Based on Chapin Hall’s assessment, Chang said, there were about 14,000 families in this situation, and about 10,000 of those families would end up with a child in foster care unless the state had more resources to serve them before it got to that point. This was the point of the exercise: to get a clear picture of what Family First might mean in terms of reduced spending on foster care.
This gave Chang and her team an otherwise impossible look at some of the kids she feared would be “invisible” as schools closed, a stay-at-home order went into effect, and maltreatment reports plummeted.
Michigan probably won’t implement its Family First Act plan until next year, but with the assessment in hand, Chang said, “we tried to do something now.” And that started with calling all 14,000 families to check in and offer whatever support was possible.
With vastly lowered need to field and investigate new claims of abuse and neglect, Chang established a core team of 500 mostly young and healthy child protection workers who would continue to fill that mission, with a hazard pay bump. Another 1,000 workers were assigned to the call unit who would reach out to families known to the system.

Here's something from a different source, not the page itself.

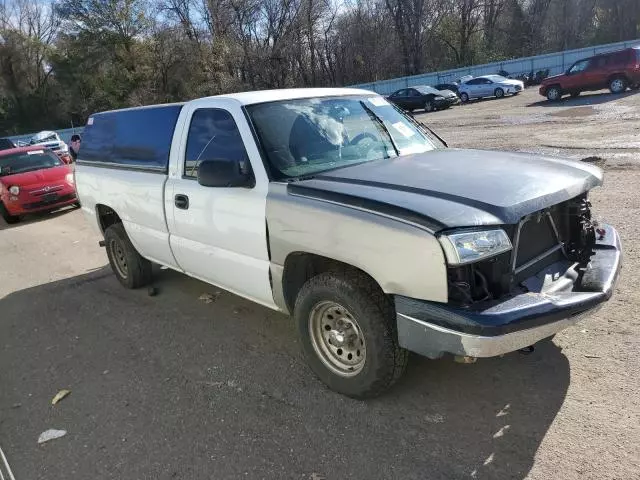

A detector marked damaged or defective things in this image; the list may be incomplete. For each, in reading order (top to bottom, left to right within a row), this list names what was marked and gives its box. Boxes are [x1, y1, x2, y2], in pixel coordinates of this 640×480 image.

damaged white pickup truck [74, 89, 620, 398]
crumpled hood [288, 149, 604, 230]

“We had to take off the investigator hats, and put on our services and support hats,” she said. Callers were given a script to be used if they were nervous, and a cheat sheet of resources under subjects like nutrition, housing, substance use and crisis support to help steer families for certain needs.
“We reached [about] 60% of the families within the first 30 days,” she said. Investigators were instructed that unreturned calls were not grounds for any official report. As of July, 80 percent of the families had received a call, text or were mailed a packet of information about help available to them.
To Chang, what her investigators related from this push validated her view of a core challenge for families that COVID-19 had exacerbated. Many parents were tearfully thankful that someone had reached out, with some noting they had not even heard from family since the pandemic.
“One thing I feel real strongly about is that our families – more than they struggle with poverty or substance abuse disorders – I think the issue separating our families from others is extreme social isolation,” she said. “There is a lot of research showing that is what is most debilitating for many families.”